I saw firsthand a case where a trained environmental lobbyist with high ideals and absolutely the best of intentions lacked a crucial one percent of knowledge of a certain public-lands policy issue; her failure to fully comprehend one tiny, subtle––but crucial––point which threatened to undercut an important environmental initiative in Congress, that those of us “in the field” had been working on for years. The nation obviously needs full-time professionals who are adept at shepherding worthy environmental regulations through the complex maze of the federal legislative process. But if, for you, such work becomes “just a job,” albeit a noble and important one, if it’s not matched by accurate and full “on the ground” knowledge of an issue backed by passionate motivation, then beware. Some people are, in fact, quite well-suited to professional environmental work––full-time lobbying and the like. But if you can’t abide the office and the paperwork (your outdoor passions taking you always out), on those occasional instances when you do happen to find yourself in the thick of an enviro battle, you will speak with authority. You will be convincing and effective. Your eloquence might even surprise you!

Let’s return full-circle to Terry Tempest Williams. Perhaps you heard her speech and long to be part of a good fight like her battle to save Castle Valley, Utah from unscrupulous developers. Look no further, for precisely the same kind of battles are raging right here, right now, in Hanover, Lebanon, and Norwich. The cultural attractions of Dartmouth together with the natural beauty of the area and a thriving world-class research and esoteric-engineering economy have made the immediate Upper Valley a hot commodity. Real estate developers are swarming, and local planning and zoning boards, composed of entirely of part-time volunteers, are struggling to keep abreast of the action. Even with the help of the towns’ tiny professional planning staffs, staying ahead of the planning curve is proving tremendously difficult. Not only are the issues and problems complex and their resolution sometimes inobvious (for example, anticipating the unintended consequences of subtle changes in obscure zoning regulation language), but the scale of proposed development has been gargantuan; and developers have been sometimes disingenuous and dishonest in their dealings with the towns, ever-ready to threaten litigation if their moneymaking ambitions are thwarted. Out-of-state developers in particular seem to possess a particularly stunning blind spot when it comes to choosing where to build. Some of the area’s last remaining serene, beautiful wild areas are, incredibly, blithely marked for destruction.

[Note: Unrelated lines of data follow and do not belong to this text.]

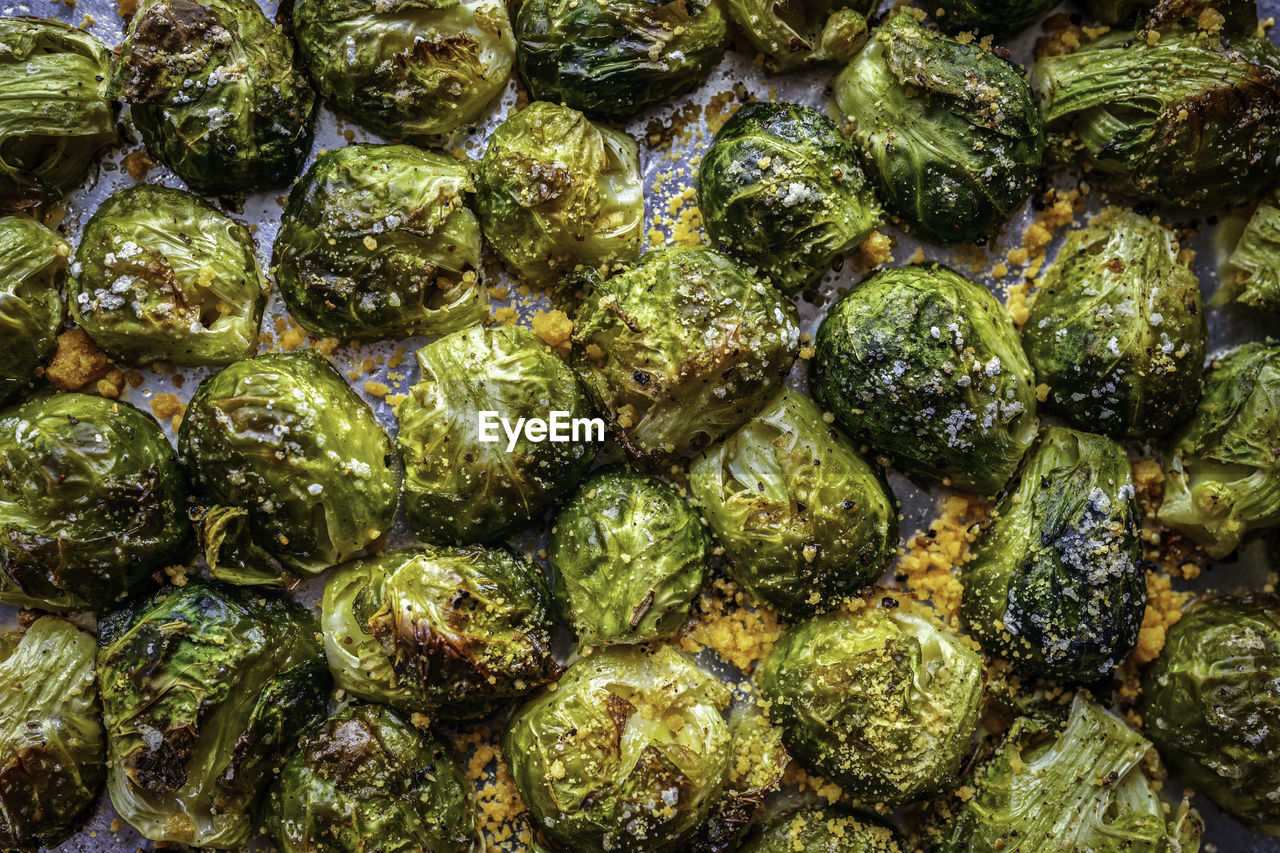 FULL FRAME SHOT OF GREEN FRUITS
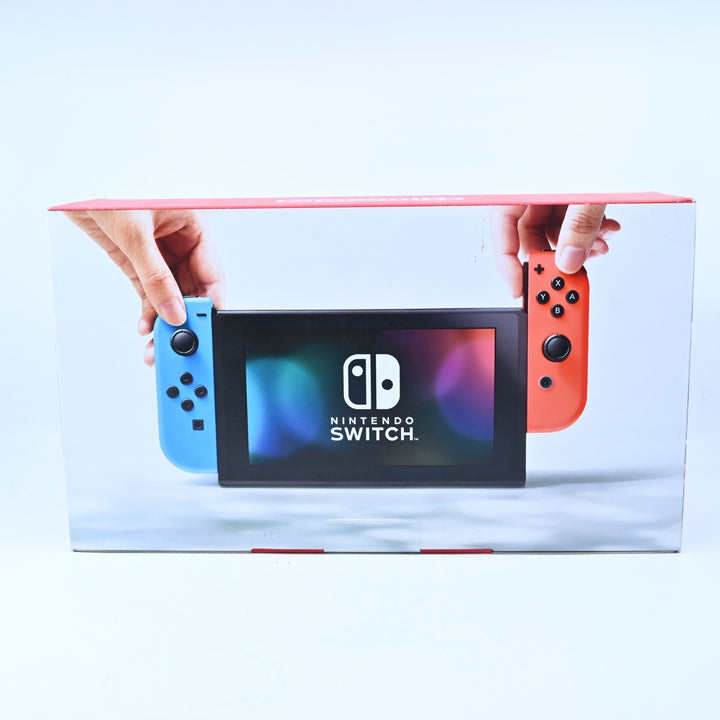 Blue / Red XAW7002 Serial - Nintendo Switch Boxed Console - PAL - FREE POST!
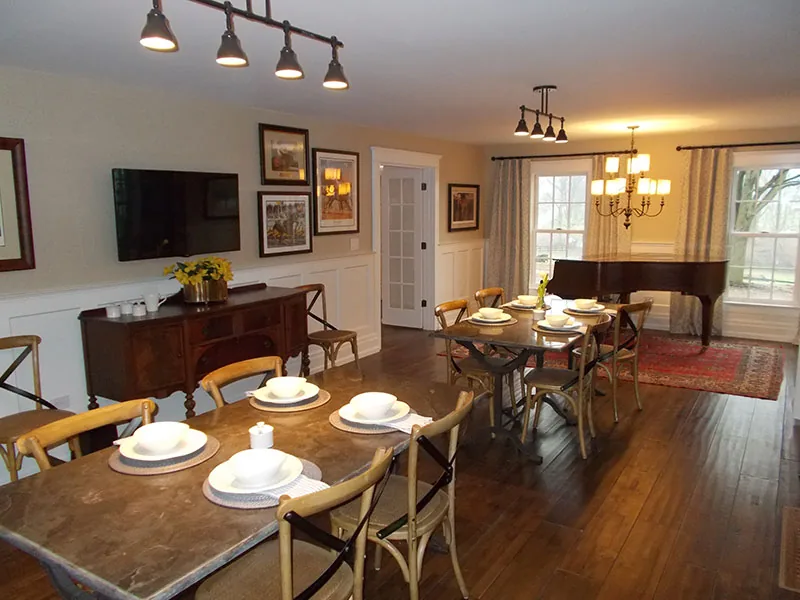 Eighth Pole Inn dining room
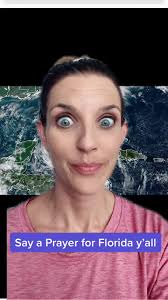 #greenscreen #hurricane #hurricaneian #floridalife #shouldistayorshouldigo  Thank you @New Account 🥰 for teaching me that I can move my pic around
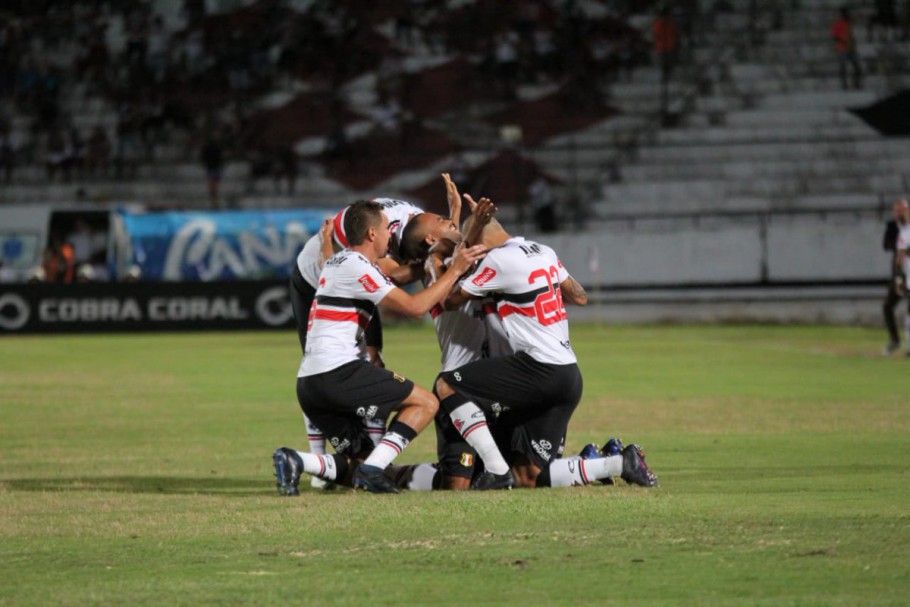 CAMPEONATO BRASILEIRO DA SÉRIE C. SÉTIMA RODADA. GRUPO A. SANTA CRUZ-PE. CONFIANÇA-SE. BOTAFOGO-PB. GLOBO-RN. GRUPO B. YPIRANGA-RS. LUVERDENSE-MT.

Dartmouth students should be aware that some of your very own professors are currently waging gallant battle versus these big-money interests, their lying wetlands scientists, and cash-hungry absentee landowners for whom, appallingly though predictably, maximizing profit trumps all other values. Years of scholarly debate and truth-seeking have honed these academics’ powers of reasoning, acute and thorough observation, and verbal persuasion in a way that no time spent laboring in continuously-compromising bureaucratic situations likely could have produced. Inquire around among the environmentally-conscientious professoriat and you’ll immediately discover many fabulous opportunities to engage in various aspects of our local equivalent of Williams’s Castle Valley battle. You will learn a huge amount from this (and you might even garner, merely coincidentally, some great interviews and fabulous thesis material!).

Most of all, stay fit, stay inspired––and get out there and wander in alert amazement “between the topo-lines.” You’ll like what you find!